O sujeito sabia como adaptar uma obra para o cinema. O trecho sobre como pensava onde colocar cada cena musical é perfeito para gente entender que as coisas ocupam os lugares certos num roteiro – ao contrário do que muitos diretores e produtores pensam quando simplesmente trocam sequências sem nenhum critério.
Mas o que me pegou mesmo foi quando mencionou o trabalho que é lidar com diretores que não escrevem seus próprios filmes.
Em determinado momento, Lehman diz que os roteiristas precisam ser inteligentes ou sortudos para “perder as batalhas certas”.
Pois é isso mesmo. O clima de guerra e fogo amigo entre o escritor e direção é inescapável. Em algum momento você terá que defender seu texto (e isso pode ser muito saudável para o projeto). Prepare-se para o conflito.
Mas o que é “perder as batalhas certas”?
Você deve estar preparado para jogar aos leões algumas de suas crias – até mesmo uns filhotes bonitinhos, mas que certamente não farão falta mais tarde. É cruel, mas você precisa olhar para seu roteiro e enxergar quais são os pontos que poderá abrir mão quando a batalha ficar sangrenta.
Isso pode soar maquiavélico e chato (e é), mas são dezenas (centenas, milhares) de pessoas envolvidas nessa brincadeira que você criou. Como Lehman diz, muitas delas se sentem ameaçadas pelo roteirista – a imagem do diretor circulando com um calhamaço debaixo do braço que não é dele, mas traz tudo o que importa, chega a emocionar quem escreve.
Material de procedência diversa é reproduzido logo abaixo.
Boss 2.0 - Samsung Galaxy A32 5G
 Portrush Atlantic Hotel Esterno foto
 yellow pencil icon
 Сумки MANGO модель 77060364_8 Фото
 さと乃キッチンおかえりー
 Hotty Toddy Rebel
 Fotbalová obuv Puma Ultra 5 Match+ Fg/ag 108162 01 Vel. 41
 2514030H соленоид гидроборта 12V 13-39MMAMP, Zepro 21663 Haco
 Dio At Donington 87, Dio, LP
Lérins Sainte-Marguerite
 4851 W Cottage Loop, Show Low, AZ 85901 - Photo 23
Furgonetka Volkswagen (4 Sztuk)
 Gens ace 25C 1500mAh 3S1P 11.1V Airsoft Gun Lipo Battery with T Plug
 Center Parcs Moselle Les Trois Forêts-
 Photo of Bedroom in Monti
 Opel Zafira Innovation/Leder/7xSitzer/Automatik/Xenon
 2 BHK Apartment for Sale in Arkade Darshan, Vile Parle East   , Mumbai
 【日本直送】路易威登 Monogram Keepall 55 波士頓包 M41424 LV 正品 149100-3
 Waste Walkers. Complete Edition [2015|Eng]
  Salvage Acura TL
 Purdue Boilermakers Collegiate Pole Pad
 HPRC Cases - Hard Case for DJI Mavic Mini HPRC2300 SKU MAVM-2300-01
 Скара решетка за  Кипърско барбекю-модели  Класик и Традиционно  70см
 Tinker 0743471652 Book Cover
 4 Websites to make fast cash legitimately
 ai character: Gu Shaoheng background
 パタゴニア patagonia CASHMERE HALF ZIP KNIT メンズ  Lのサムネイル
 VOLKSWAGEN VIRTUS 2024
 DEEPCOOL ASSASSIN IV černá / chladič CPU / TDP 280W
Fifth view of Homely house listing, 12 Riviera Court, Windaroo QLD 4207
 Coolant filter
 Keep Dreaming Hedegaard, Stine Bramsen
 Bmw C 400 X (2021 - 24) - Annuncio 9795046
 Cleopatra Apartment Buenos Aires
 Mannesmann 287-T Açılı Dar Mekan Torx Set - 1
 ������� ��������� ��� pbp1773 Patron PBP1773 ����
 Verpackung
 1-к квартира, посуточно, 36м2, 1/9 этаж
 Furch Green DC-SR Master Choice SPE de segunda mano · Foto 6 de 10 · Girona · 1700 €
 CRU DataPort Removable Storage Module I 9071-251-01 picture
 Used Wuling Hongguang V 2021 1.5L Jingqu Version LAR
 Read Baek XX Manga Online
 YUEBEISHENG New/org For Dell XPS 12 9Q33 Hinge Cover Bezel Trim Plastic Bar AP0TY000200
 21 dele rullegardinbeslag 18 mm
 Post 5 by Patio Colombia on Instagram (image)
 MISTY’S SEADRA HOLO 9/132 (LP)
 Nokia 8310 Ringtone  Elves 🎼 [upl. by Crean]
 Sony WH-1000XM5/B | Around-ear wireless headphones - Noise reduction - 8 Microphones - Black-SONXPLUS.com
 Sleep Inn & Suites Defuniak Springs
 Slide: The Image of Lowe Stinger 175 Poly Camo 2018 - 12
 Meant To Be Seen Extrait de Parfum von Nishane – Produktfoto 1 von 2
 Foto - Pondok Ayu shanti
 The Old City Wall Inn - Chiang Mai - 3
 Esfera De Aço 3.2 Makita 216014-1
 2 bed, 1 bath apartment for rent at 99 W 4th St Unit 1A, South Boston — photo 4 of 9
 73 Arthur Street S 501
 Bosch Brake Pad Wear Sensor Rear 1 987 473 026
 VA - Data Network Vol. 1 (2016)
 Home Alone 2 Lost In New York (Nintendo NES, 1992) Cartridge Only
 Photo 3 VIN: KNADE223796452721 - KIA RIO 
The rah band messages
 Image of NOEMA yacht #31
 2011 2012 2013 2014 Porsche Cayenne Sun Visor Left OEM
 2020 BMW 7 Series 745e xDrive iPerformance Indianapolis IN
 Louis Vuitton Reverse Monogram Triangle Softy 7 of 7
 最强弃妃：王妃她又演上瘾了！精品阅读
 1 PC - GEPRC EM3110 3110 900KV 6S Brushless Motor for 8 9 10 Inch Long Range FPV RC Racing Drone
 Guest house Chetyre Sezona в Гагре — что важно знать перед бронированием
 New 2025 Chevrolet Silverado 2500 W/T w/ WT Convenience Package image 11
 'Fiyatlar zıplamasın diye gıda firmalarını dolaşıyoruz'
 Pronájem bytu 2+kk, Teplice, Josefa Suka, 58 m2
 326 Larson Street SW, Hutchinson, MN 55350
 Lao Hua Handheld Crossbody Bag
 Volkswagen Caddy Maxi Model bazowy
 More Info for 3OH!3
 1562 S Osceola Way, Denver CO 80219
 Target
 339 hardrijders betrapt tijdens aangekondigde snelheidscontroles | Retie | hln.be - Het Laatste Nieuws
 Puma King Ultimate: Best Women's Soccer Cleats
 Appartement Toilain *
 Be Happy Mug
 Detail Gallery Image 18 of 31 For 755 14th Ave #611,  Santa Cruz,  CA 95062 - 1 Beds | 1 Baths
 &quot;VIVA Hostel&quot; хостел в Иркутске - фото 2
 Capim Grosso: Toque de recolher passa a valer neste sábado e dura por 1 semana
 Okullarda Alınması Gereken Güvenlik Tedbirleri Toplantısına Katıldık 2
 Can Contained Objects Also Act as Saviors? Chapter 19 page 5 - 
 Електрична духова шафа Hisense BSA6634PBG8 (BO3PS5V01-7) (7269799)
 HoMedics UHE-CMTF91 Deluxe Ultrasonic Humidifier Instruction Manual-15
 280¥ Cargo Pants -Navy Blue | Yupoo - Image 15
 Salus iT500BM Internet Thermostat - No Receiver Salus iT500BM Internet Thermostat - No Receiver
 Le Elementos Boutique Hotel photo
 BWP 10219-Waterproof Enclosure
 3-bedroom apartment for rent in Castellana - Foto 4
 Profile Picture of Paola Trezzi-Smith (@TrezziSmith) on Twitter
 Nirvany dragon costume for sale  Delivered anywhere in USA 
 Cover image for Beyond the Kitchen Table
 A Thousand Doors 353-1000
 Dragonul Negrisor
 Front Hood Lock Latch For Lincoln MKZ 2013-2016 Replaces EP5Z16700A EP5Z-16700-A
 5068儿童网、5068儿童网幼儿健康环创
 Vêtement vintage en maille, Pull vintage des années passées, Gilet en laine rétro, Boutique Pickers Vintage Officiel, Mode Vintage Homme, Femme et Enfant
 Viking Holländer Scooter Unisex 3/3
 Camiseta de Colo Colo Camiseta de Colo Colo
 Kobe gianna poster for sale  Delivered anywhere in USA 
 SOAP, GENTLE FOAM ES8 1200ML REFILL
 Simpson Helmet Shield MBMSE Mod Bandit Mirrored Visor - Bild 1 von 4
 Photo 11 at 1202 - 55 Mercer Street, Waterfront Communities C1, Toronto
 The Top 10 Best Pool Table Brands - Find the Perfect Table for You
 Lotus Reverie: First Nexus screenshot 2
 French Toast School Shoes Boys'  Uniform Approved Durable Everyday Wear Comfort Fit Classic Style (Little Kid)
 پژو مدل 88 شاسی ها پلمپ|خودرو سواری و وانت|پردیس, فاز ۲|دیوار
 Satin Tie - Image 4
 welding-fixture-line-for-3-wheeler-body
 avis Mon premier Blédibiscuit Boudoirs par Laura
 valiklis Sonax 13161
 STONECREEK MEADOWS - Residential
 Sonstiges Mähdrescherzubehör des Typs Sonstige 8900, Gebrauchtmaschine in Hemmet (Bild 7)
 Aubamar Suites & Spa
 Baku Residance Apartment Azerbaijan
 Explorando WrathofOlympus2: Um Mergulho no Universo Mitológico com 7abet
Num caso extremo, talvez até tenha que apelar para o famoso “boi de piranha”. Sempre chega o momento em que você observa uma meia dúzia de bobagens no seu roteiro. Podem ser coisas pequeninas, que necessitam apenas de mais um tempo e não prejudicam o todo. Mas você sabe que poderia cortar aquelas arestas, diminuir o tom, correr com a cena ou simplesmente extirpar a sequência. Os erros estão explícitos. E o que você faz? Nada. Você deixa essas gordurinhas ali, tirando um pouco o brilho do trabalho. Porque assim, quando os palpites chegarem (e pode ter certeza que eles vão aparecer aos montes), você já sabe o que pode sacrificar e mexer.
Eu não sou tão frio e calculista assim. Não consigo criar cenas que considero fracas apenas para distrair o diretor e o produtor. Mas sempre fico de olho em quem eu posso perder.
Ei, mas e se a turma justamente amar aqueles pontos que você deliberadamente deixou para eliminarem/melhorarem? Bom, aí eu recomendo que você procure respostas com um psicanalista, pois realmente alguma coisa está muito errada nesse projeto (pior: quem está certo?).
Para terminar num tom alegre: nem todas essas lutas são horrendas. Muitas delas te ajudam a entender por que (e por quem) você está lutando.